Grad students in some disciplines get paid. I love art, but a physics grad student working on a microchip design has something considerably more valuable to sell than interpretive pasta by an art grad student.

Anybody have specific links to the Chronicle articles on the matter? I'm going to borrow the Beer And Circus book from my university library, but I'd like to see some of the articles, too. My google-fu has been fairly weak so far.

#80

Posted by: George | October 21, 2008 12:52 PM

Well that's free market capitalism for you. A person is worth what the market will pay. Period. Any one who complains is clearly a socialist or worse, un American, not a problem for me because like most people on this planet I am what many Americans frequently refer to as an Alien. Though I gather these days furrunur or similar is more popular.

#81

Posted by: BMcP | October 21, 2008 12:56 PM

Well to be fair, the large football programs are very profitable and do bring in large dollars to the universities they are a part of, not to mention those all important alumni dollars. This of course allows for the funds to be diverted to research. Without such programs, it would be more difficult to acquire such funds since they either have to come through more taxes (good luck with that) or raising already ridiculously high tuition.
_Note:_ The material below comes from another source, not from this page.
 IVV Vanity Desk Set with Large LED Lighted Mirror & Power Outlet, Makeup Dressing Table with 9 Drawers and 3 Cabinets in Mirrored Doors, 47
This is also true of many of the other sports programs in the NCAA.

#82

Posted by: Natalie | October 21, 2008 12:58 PM

Stoic, they pay grad students who are working for the university in some capacity. Teaching undergraduate classes and working in a lab as a research assitant are the only two common jobs I can think of for grad students, but I imagine there are others.

#83

Posted by: Carol | October 21, 2008 1:06 PM

I would like to note that on that graphic, the "untenured" blocks appear to belong to untenured, but full-time professors.

Adjunct, or contingent faculty, which makes up a huge proportion of teaching staff at most universities and colleges, seem to be unrepresented on that graph.

If they were, they would appear right above "grad student" by a very small margin.

#84

Posted by: MikeM | October 21, 2008 1:09 PM

After my nephew's experience with "big-time" college athletics, after which he was deluded into thinking he was a pro prospect (he was waived from an American Basketball League team), I'm just so angry at college athletics.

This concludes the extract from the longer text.